Clearly, they are not monsters or freaks. If anything, they sound eerily familiar as they grouse about cops, parents and the legal system. Strike up a conversation, and you’ll see how honest and likable they can be. Perhaps they live in dirt and decorate themselves with trash as a protest against the phoniness of materialist America.

Trouble is, no one’s listening. Meanwhile, the nights are getting colder. Soon the grommets will have gone back home. Some of the gutter punks will head south, some will stay on the streets of Portland and dig in for the winter.

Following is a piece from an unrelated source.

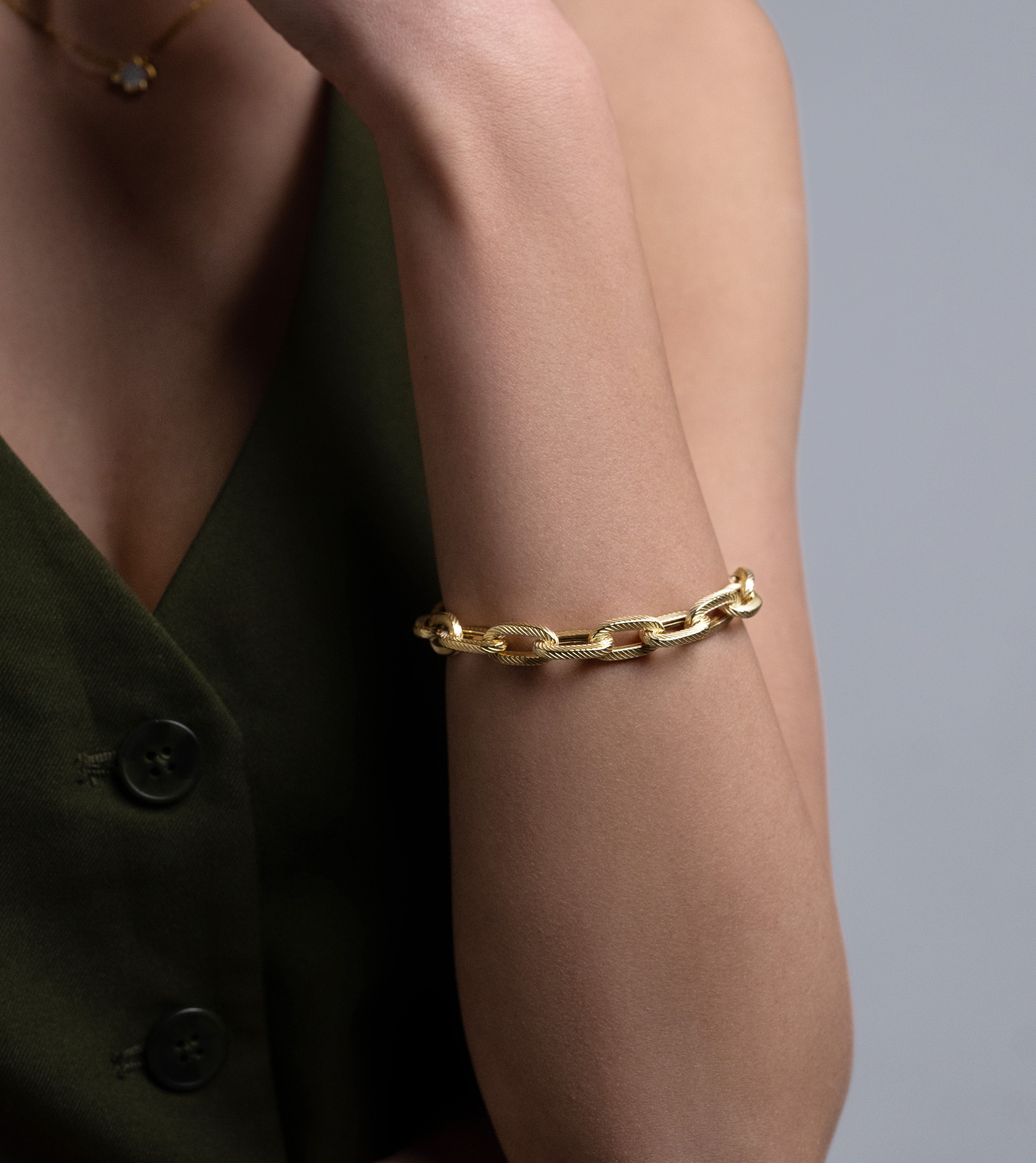 Bracciale "Chained" in Argento 925 con Finitura Dorata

“NO FUTURE” was the Sex Pistols’ war cry, but like the rest of punk, it was always a ripoff. For better or worse, there is a future—and one morning the gutter punks will have to face the fact that every day they are becoming harder to distinguish from the tramps and bag ladies they despise.

Their tragedy is that their tribal identity only delays that fateful moment. And the longer they stay on the street, the harder it is to escape. “A lot of kids just think it’s a ball out here,” David Hudnall says. “They have no idea. Sometimes I think about how I’ve been out here loafing, and...I look at the older bums, how they’re all alone, and I get worried about it. I don’t want to end up like that.”

His train of thought is derailed by approaching shoppers. Another 83 cents and he’ll have enough for a pack of smokes. “Spare change?” he asks, staring at the Armani suits and the cell phones, the Nordstrom bags and the cold shoulders.